Secondly, Geary's C is tested, which is similar to Moran's I but it is non-identical. Geary's C focuses more on local spatial autocorrelation while Moran's I is a way of measuring global spatial autocorrelation. Geary’s C value ranges from 0 to 2. In this analysis, 1 indicates no spatial autocorrelation and values ranging from 0 to 1 means increasing positive spatial autocorrelation, whilst values higher than 1 demonstrate increasing negative spatial autocorrelation. In this case, the result of Geary’s C test is 0.572. Hence, as with Moran’s I, it also means positive spatial autocorrelation on the grounds that the value is between 0 to 1.


Although there seems to be a certain relationship between obesity and life expectancy, the values of spatial analyses are not necessarily enough to conclude. Therefore, further researches are required to elucidate the role of obesity as a factor relating to length of life. 
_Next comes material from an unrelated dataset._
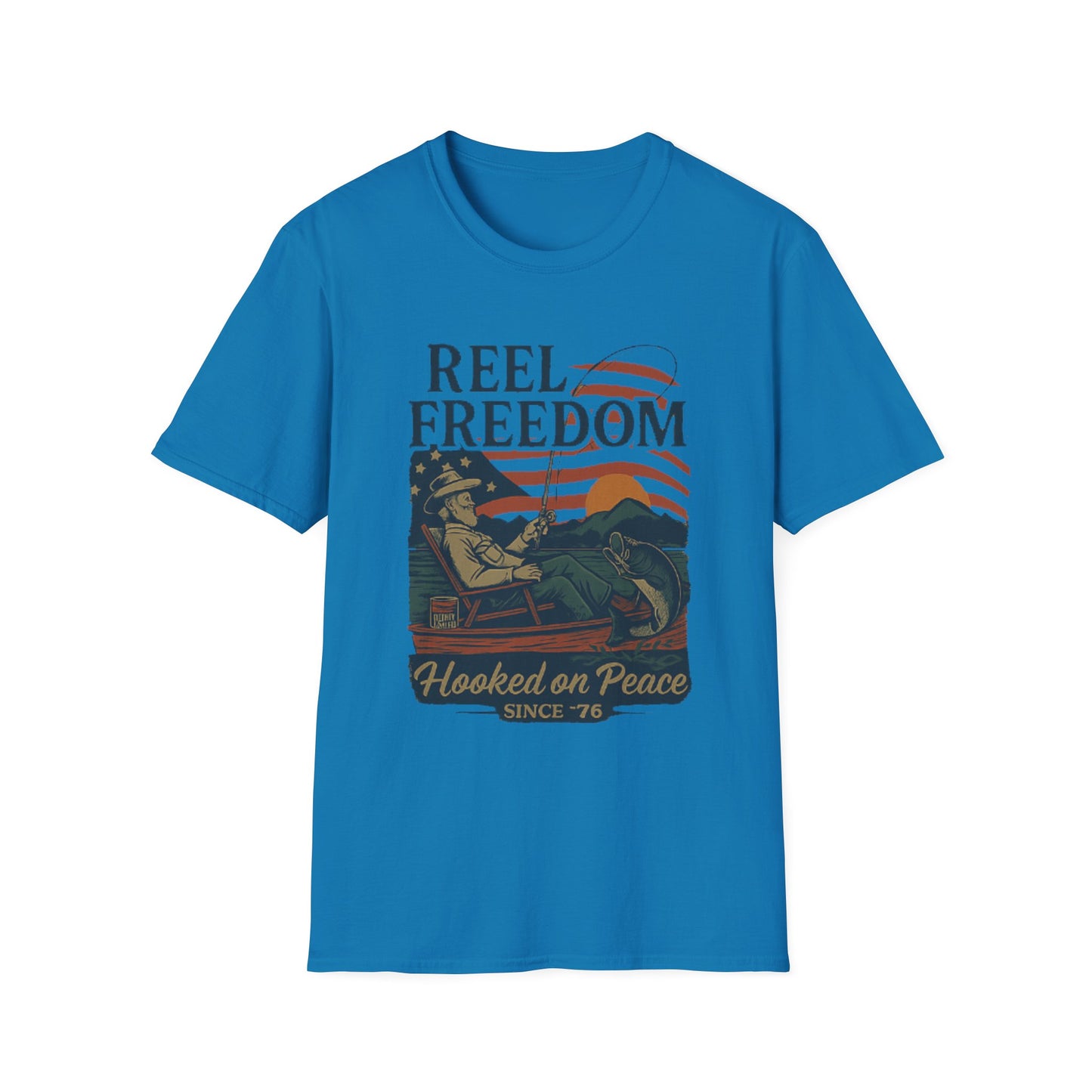 Reel Freedom Fishing Tee – Hooked on Peace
Cliff A.D.and Ord J.K. (1981) ‘Spatial processes’, Pion, p. 21.

ESRI Japan, http://www.esrij.com/, accessed 23rd Dec 2012.

Gehlke C.E, Biehl K (1934) ‘Certain effects of grouping upon the size of the correlation coefficient in census tract material’, Journal of the American Statistical Association, 29, pp. 169–170.

Goodchild M.F. (1987) ‘Spatial Autocorrelation’. CATMOG, 47, GEO BOOKS.

Moran, P.A.P. (1950) ‘Notes on continuous stochastic phenomena’. Biometrika, 37, 17.